C.2.2 Sending Events
An SCXML implementation can send events with the Basic HTTP
Event I/O Processor using the <send> element (see 6.2 <send>) with the type attribute
set to "http://www.w3.org/TR/scxml/#BasicHTTPEventProcessor" and
the target attribute set to the access URI of the target. If
neither the 'target' nor the 'targetexpr' attribute is specified,
the SCXML Processor MUST add the event error.communication to the
internal event queue of the sending session.
The SCXML Processor MUST attempt to deliver the message using HTTP
method "POST" and with parameter values encoded by default in an
application/x-www-form-urlencoded body (POST method). An SCXML
Processor MAY support other encodings, and allow them to
be specified in a platform-specific way.
If the 'event' parameter of <send> is defined, the SCXML
Processor MUST use its value as the value of the HTTP
POST parameter _scxmleventname. If the namelist attribute is
defined, the SCXML Processor MUST map its variable names and values to HTTP
POST parameters. If one or more <param> children are present,
the SCXML Processor MUST map their names (i.e. name attributes)

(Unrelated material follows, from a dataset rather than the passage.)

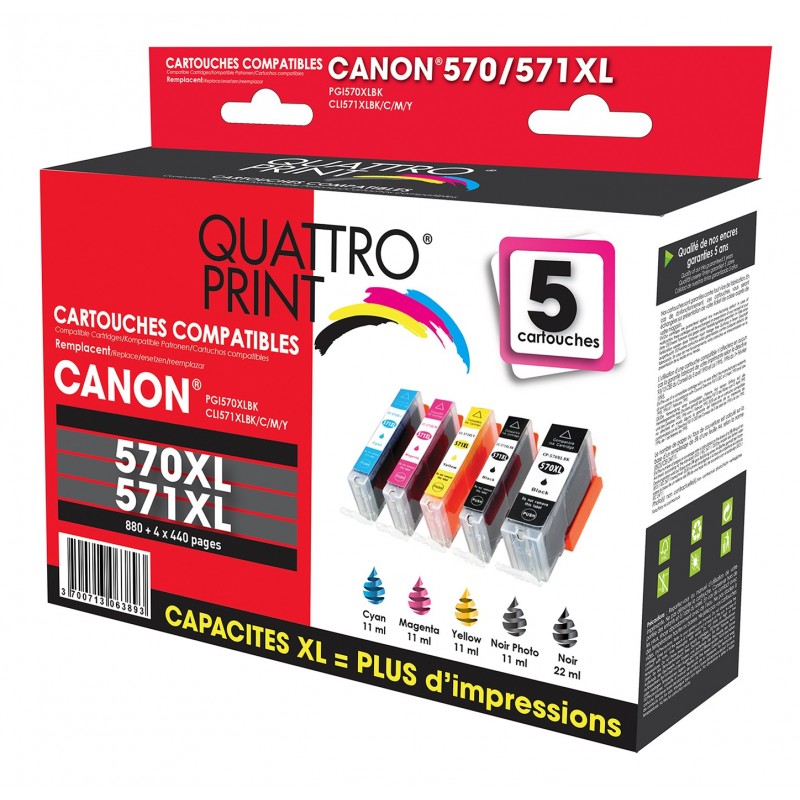 Pack de 5 Cartouches d'Encre Compatibles Canon PGI-570XL - CLI-571XL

and values to HTTP POST parameters. If a <content> child is
present, the SCXML Processor MUST use its value as the body of the
message.
C.2.3 _ioprocessors Value
SCXML Processors that support the BasicHTTP Event I/O Processor
MUST
maintain a 'http://www.w3.org/TR/scxml/#BasicHTTPEventProcessor'
entry in the _ioprocessors system variable. The Processor MUST maintain
a 'location' field inside this entry whose value holds an address
that external entities can use to communicate with this SCXML
session using the Basic HTTP Event I/O Processor.
D Algorithm for SCXML
Interpretation
[This section is informative.]
This section contains an illustrative algorithm for the
interpretation of an SCXML document. It is intended as a guide for
implementers only. Implementations are free to implement SCXML
interpreters in any way they choose.
The following definitions and highlevel principles and
constraint are intended to provide a background to the algorithm,
and to serve as a guide for the proper understanding of it.
Preliminary definitions
- state
- An element of type <state>, <parallel>, or
<final>.
- pseudo state
- An element of type <initial> or <history>.
- transition target
- A state, or an element of type <history>.
- atomic state
- A state of type <state> with no child states, or a state
of type <final>.
- compound state
- A state of type <state> with at least one child
state.
- configuration
- The maximal consistent set of states (including parallel and
final states) that the machine is currently in. We note that if a
state s is in the configuration c, it is always the case that the
parent of s (if any) is also in c. Note, however, that
<scxml> is not a(n explicit) member of the
configuration.
- source state
- The source state of a transition is the state which contains
the transition.
- target state
- A target state of a transition is a state that the transition
is entering. Note that a transition can have zero or more target
states.
- targetless transition
- A transition having zero target states.
- eventless transition
- A transition lacking the 'event' attribute.
- external event
- An SCXML event appearing in the external event queue. Such
events are either sent by external sources or generated with the
<send> element.
- internal event
- An event appearing in the internal event queue. Such events are
either raised automatically by the platform or generated with the
<raise> or <send> elements.
- microstep
- A microstep involves the processing of a single transition (or,
in the case of parallel states, a single set of transitions.) A
microstep may change the current configuration, update the data
model and/or generate new (internal and/or external) events. This,
by causality, may in turn enable additional transitions which will
be handled in the next microstep in the sequence, and so on.
- macrostep
- A macrostep consists of a sequence (a chain) of microsteps, at
the end of which the state machine is in a stable state and ready
to process an external event. Each external event causes an SCXML
state machine to take exactly one macrostep. However, if the
external event does not enable any transitions, no microstep will
be taken, and the corresponding macrostep will be empty.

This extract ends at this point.